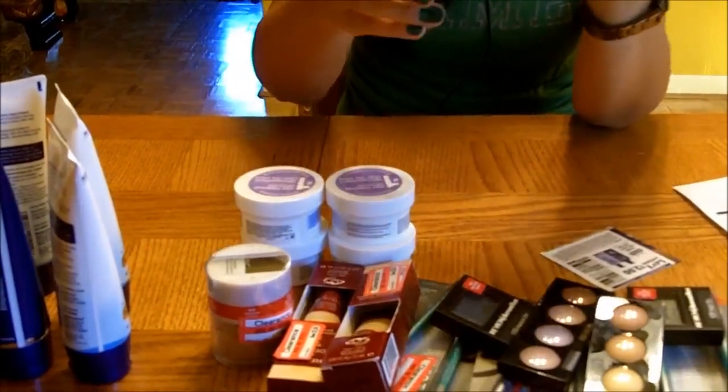Then I had a $1 coupon for any Almay cosmetic, and I found this little eye makeup remover — the little pads that you use to take your eye makeup off. It was $1.40 and I had the $1 coupon, so I got five of them, paying just $0.40 for each one.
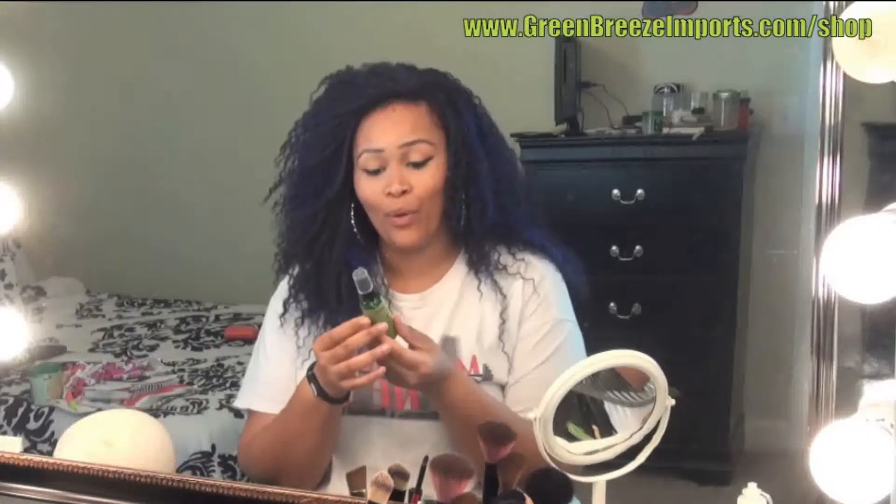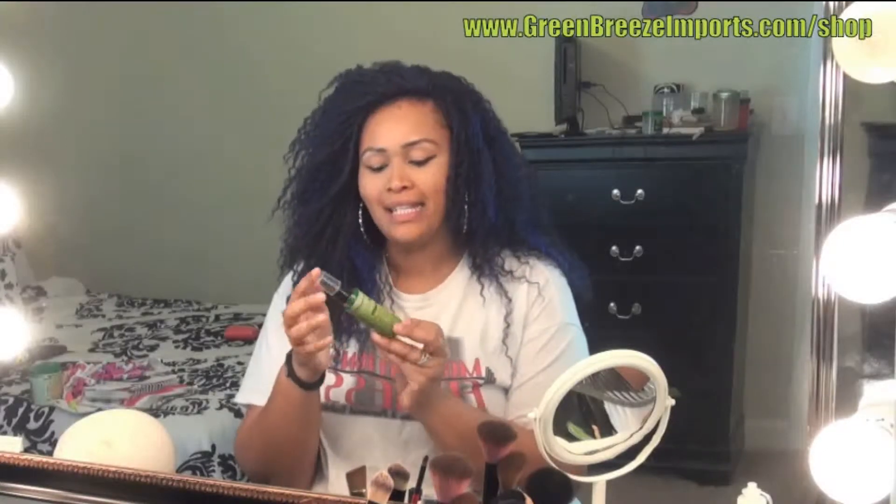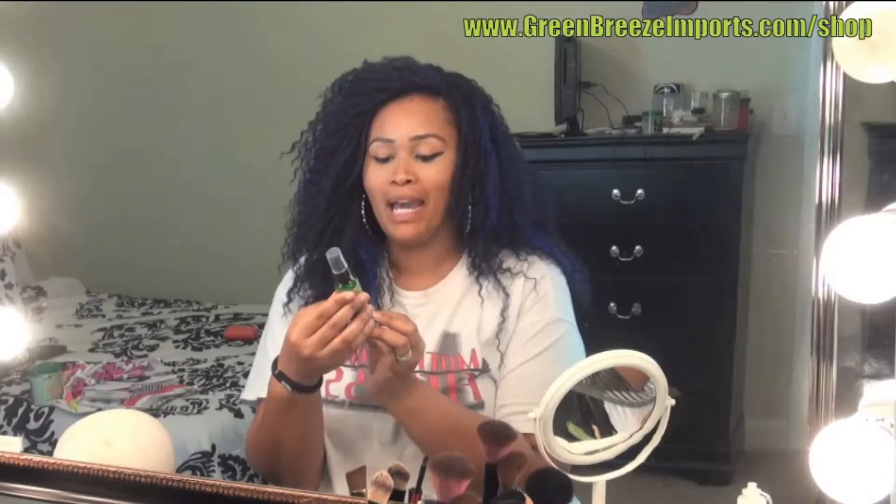Hey guys, it's your girl Charity C and I have a great review for you today. We're going to be looking at Green Breeze Imports and they specialize in organic and green products specifically made for the body — and this is the hand and body lotion.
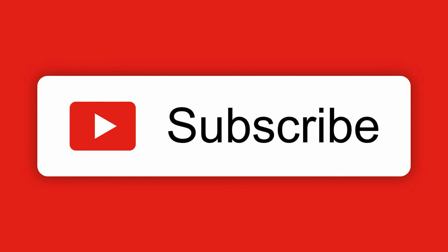Thank you so much for watching. Remember to hit the subscribe button below — it is free — for the latest video updates. Thank you for your support and stay blessed.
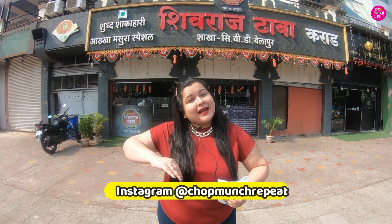Hey guys, what's up! Welcome back to my channel Chopmunch Repeat, my name is Shama. Today I'm coming to CBD Belapur, Navi Mumbai — Shivraj Dhaba, which is behind me. This place has been opened here for about one to two years, but actually this place's legacy is quite old.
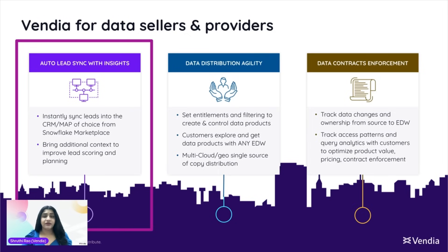This is where Vendia comes in. Our platform is designed to address these challenges head on, enabling you to unlock the true value of your data. We do this through three key pillars: lead synchronization with insights, data distribution with agility, and data contract enforcement.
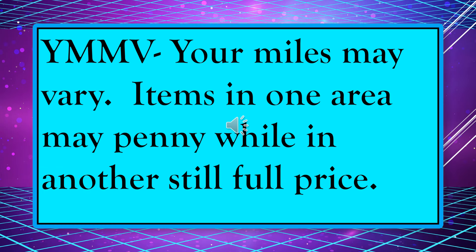Your mileage may vary — YMMV. That means items in one area might be a penny, and in another area they might be full price. I've had that happen to me too. So if you find an item that is on the penny list, scan it, because it might be a penny but it might not. If you scan it, you'll be more confident when you go up to the checkout.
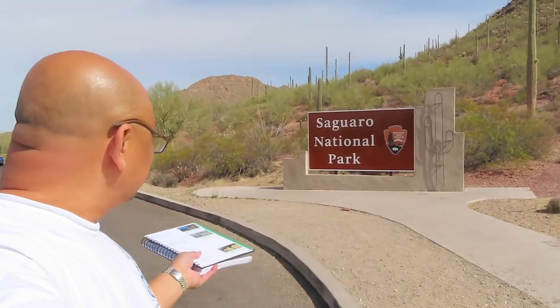Hello and welcome to Wandering Wanda. Today we are at the Sahura National Park.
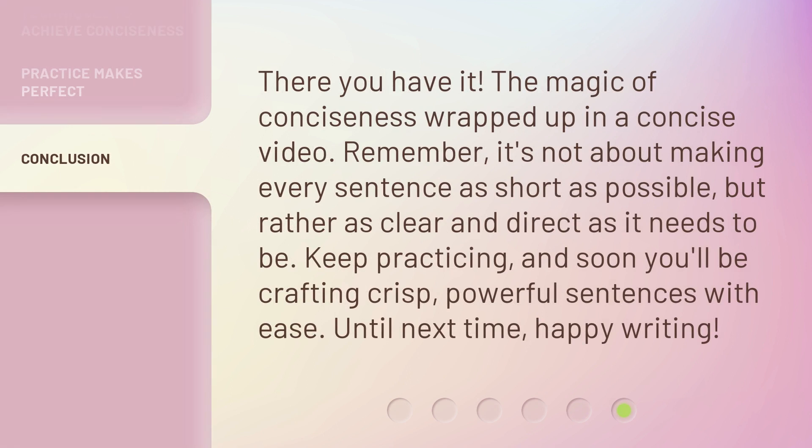There you have it — the magic of conciseness, wrapped up in a concise video. Remember, it's not about making every sentence as short as possible, but rather as clear and direct as it needs to be. Keep practicing, and soon you'll be crafting crisp, powerful sentences with ease. Until next time, happy writing!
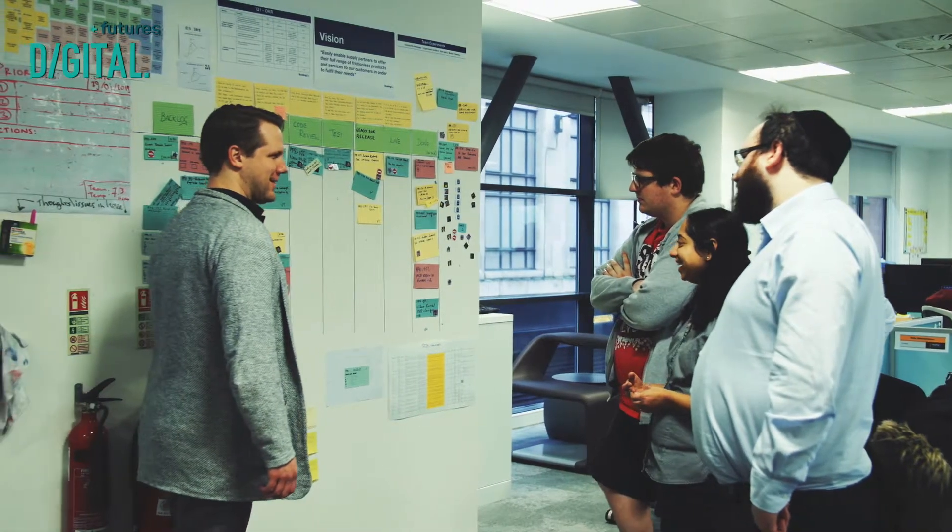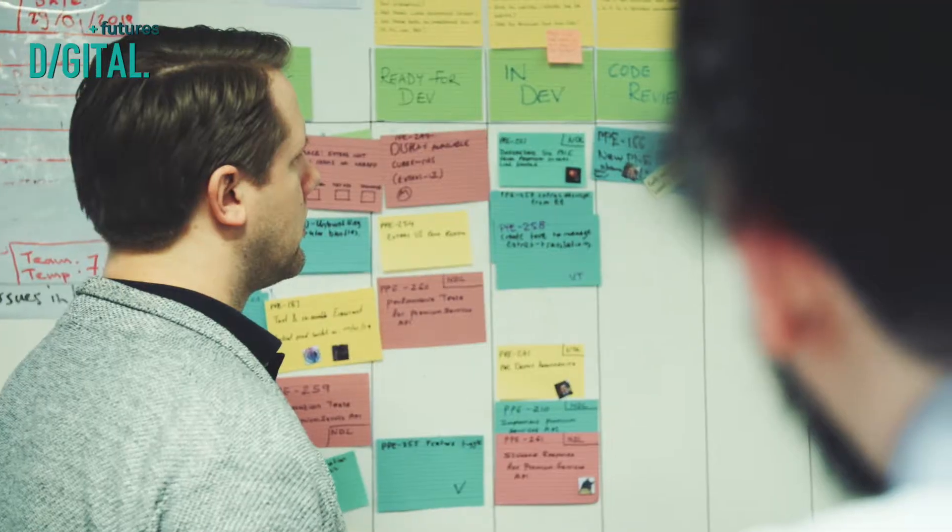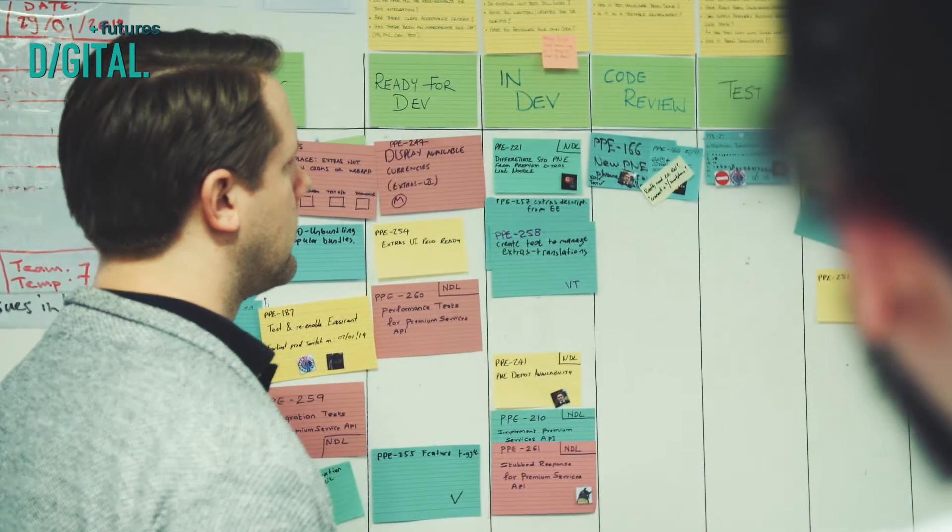To be a great product owner you need to be motivated, you need to have the right drive to build products that people actually love, and it's important that you like collaboration because you need to work with loads of people from across different departments in the business.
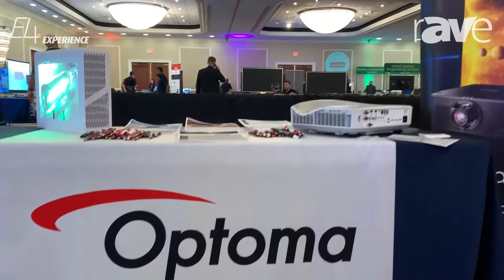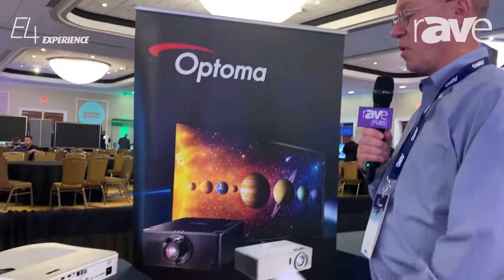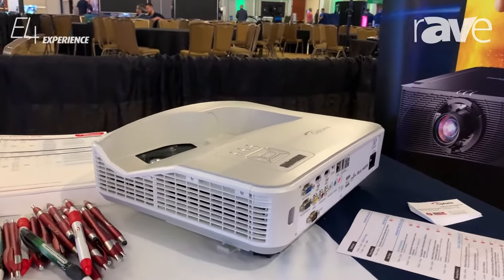Hi, I'm Bob Getner with Optima Technologies. Today we're at the ALMO booth outside of New York City at the ALMO Expo. Today we're showing a ZH500UST projector. This is a 5,000 lumen projector that's ultra-short throw.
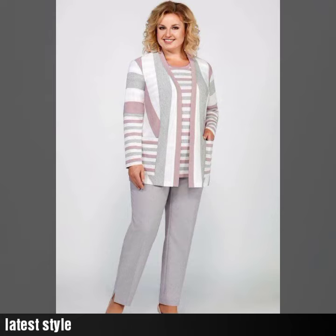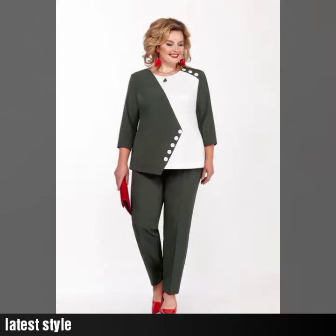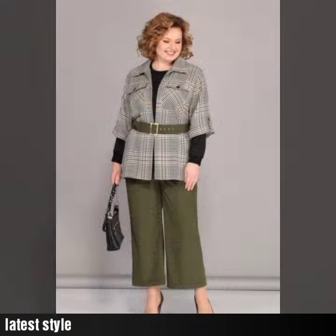Long sleeve wedding dresses, bridesmaid gown, bridesmaid dresses, outfit collection, every type of outfit collection. You can watch at my channel in my videos for many more friendly designs and ideas.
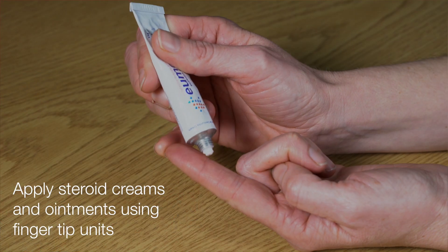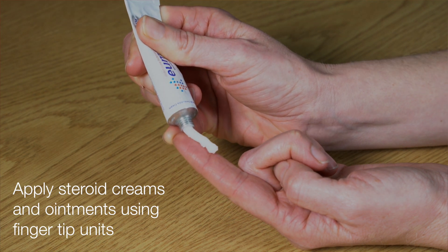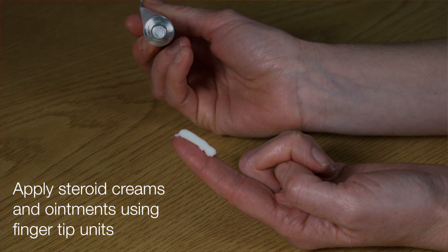As a guide, steroid creams should be measured in fingertip units. Squeezing the cream out of the tube from the tip of your index finger to the first crease is a fingertip unit.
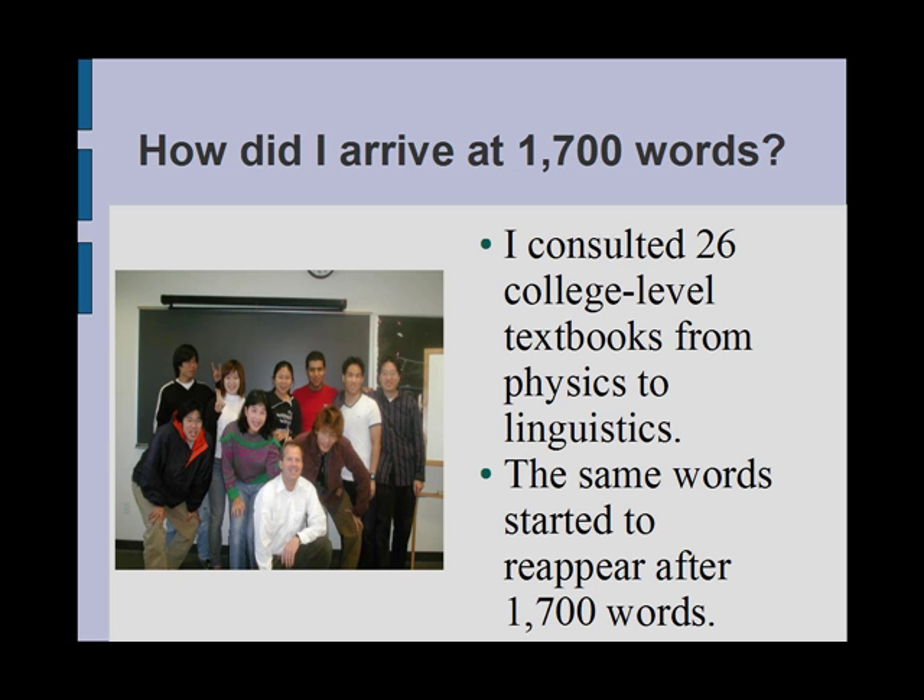A curious thing happened after about 1,700 words. I stopped finding new words and the words I had already written down started to reappear in these college textbooks. Then it dawned on me — I had finished my list.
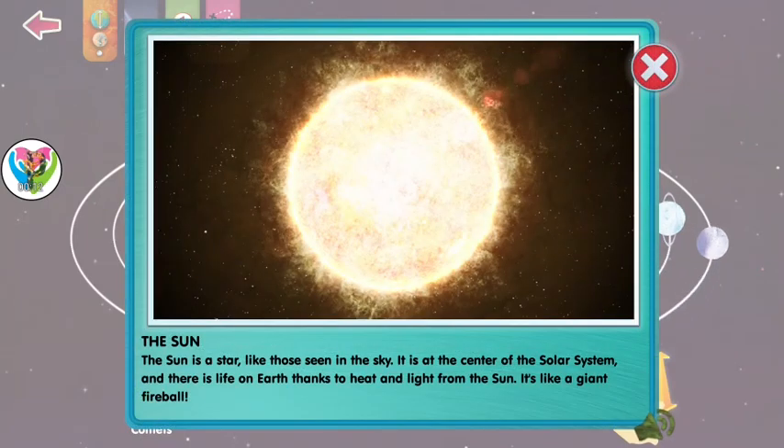The sun is a star like those seen in the sky. It is at the center of the solar system and there's life on earth thanks to heat and light from the sun. It's like a giant fireball.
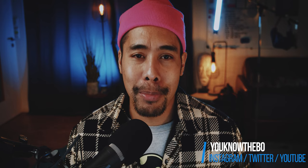Also check out my podcast, Instagram and second channel at YouKnowTheBo. Stay safe and healthy everyone and I'll see you in the next videos. Thank you very much.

* * * * *

Your goal ::
Using the entries above, write out exactly the lines from the one with "This is where" through the one with "Hi, I'm Bob", ends included. Leave out any pictures.

Exercise solution ::
This is where Vendia comes in. Our platform is designed to address these challenges head on, enabling you to unlock the true value of your data. We do this through three key pillars: lead synchronization with insights, data distribution with agility, and data contract enforcement.
Your mileage may vary — YMMV. That means items in one area might be a penny, and in another area they might be full price. I've had that happen to me too. So if you find an item that is on the penny list, scan it, because it might be a penny but it might not. If you scan it, you'll be more confident when you go up to the checkout.
Hello and welcome to Wandering Wanda. Today we are at the Sahura National Park.
There you have it — the magic of conciseness, wrapped up in a concise video. Remember, it's not about making every sentence as short as possible, but rather as clear and direct as it needs to be. Keep practicing, and soon you'll be crafting crisp, powerful sentences with ease. Until next time, happy writing!
To be a great product owner you need to be motivated, you need to have the right drive to build products that people actually love, and it's important that you like collaboration because you need to work with loads of people from across different departments in the business.
Hi, I'm Bob Getner with Optima Technologies. Today we're at the ALMO booth outside of New York City at the ALMO Expo. Today we're showing a ZH500UST projector. This is a 5,000 lumen projector that's ultra-short throw.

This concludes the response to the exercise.